Foto: Tanya Zouev / the food passionates / Corbis

Kosmopolitische Wurst

Wenn ein Spanier in Wien eine "Eitrige" bestellt – was in der Regel fast ausschließlich Touristen machen, weil es ihnen ein Freund erzählt hat und sie denken, dass der Mann im Würstelstand sonst nicht weiß, dass sie gern eine Käsekrainer hätten – und zum ersten Mal reinbeißt, wird er in der Regel keine Freudensprünge ob des großartigen Geschmacks machen. Viel zu stolz ist man in Spanien auf die eigenen Würste – mit Recht. Die Chorizo wird zu allen Gelegenheiten und in unterschiedlichen Varianten verzehrt – als Aufschnitt, gegrillt oder in Eintöpfen schmeckt die herzhaft würzige Wurst einfach großartig. Auch die italienische Salsiccia lässt die österreichische Bratwurst wie ein armes Würstchen aussehen – und das trotz der äußerlichen Ähnlichkeit. Es kommt eben doch auf die inneren Werte an, und die sind bei der Salsiccia eine Gaumenfreude, wird sie meist mit edlen Gewürzen und Rotwein verfeinert und das Brät oft als Einlage von Pastasaucen verwendet.

Wer ganz genau wissen will, was drin ist, der macht seine Wurst gleich selbst.

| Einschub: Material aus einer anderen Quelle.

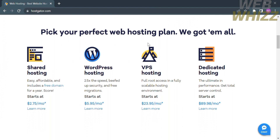By choosing WordPress hosting at $5.95 per month, you could get 2x the speed, beefed-up security, and free migrations. By choosing VPS hosting, you could get full root access in a fully scalable hosting environment, starting at $23.95 per month. And lastly, by choosing dedicated hosting, you could get the ultimate in performance and total server control, starting at $89.98 per month. These are your choices for your perfect web hosting plan.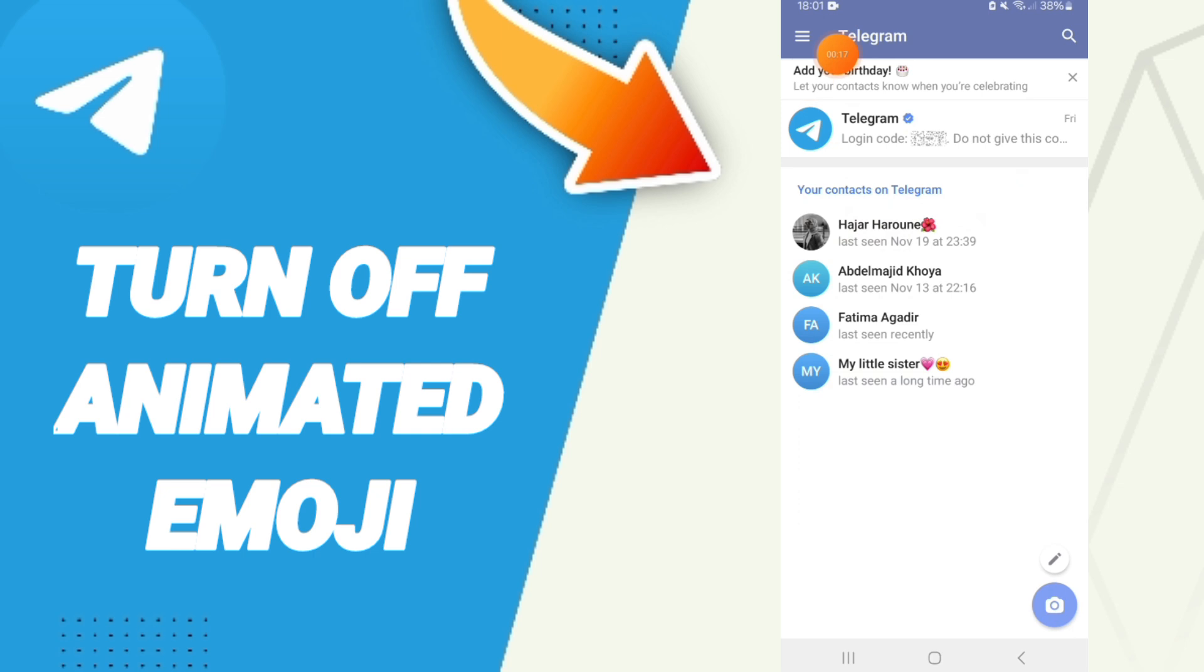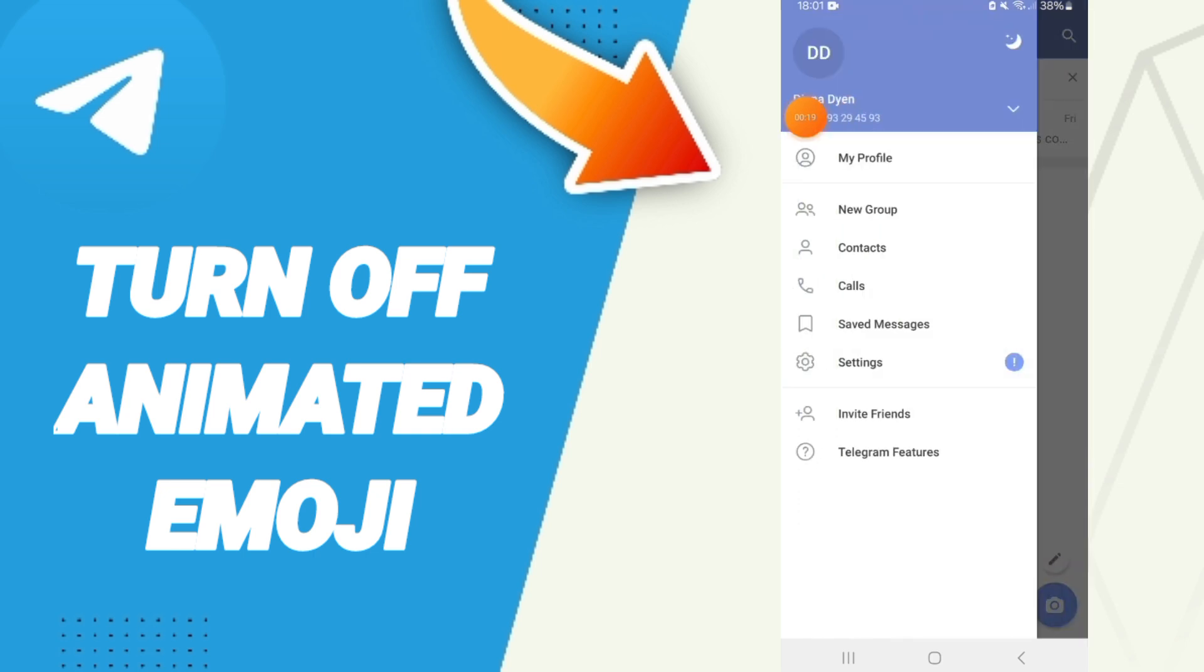On the top, you will click this sign here. In this list, you will go to settings and you will click.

Lernen kann man das unter anderem bei den beiden Food-Bloggern Antonia Kögl und Benedikt Steinle von "Because you are hungry". Regelmäßig bietet das Paar Kurse an, bei denen man das Wursten von der Pike auf lernt. Schwierig ist das nicht. "Die Rezeptur ist einfach. Beim Würzen sind der Fantasie ohnehin keine Grenzen gesetzt. Das Füllen und Drehen muss man dann einfach üben. Ein Darm ist sehr flexibel, und dass er reißt, kommt sehr selten vor", sagt Kögl. Was frisch gemacht und natürlich hergestellt wird, hält sich auch nicht ewig. Gemeint ist damit das Nitritpökelsalz, auf das Kögl und Steinle bei der Herstellung von Brat- und Brühwürsten gänzlich verzichten. Einfrieren ist aber kein Problem.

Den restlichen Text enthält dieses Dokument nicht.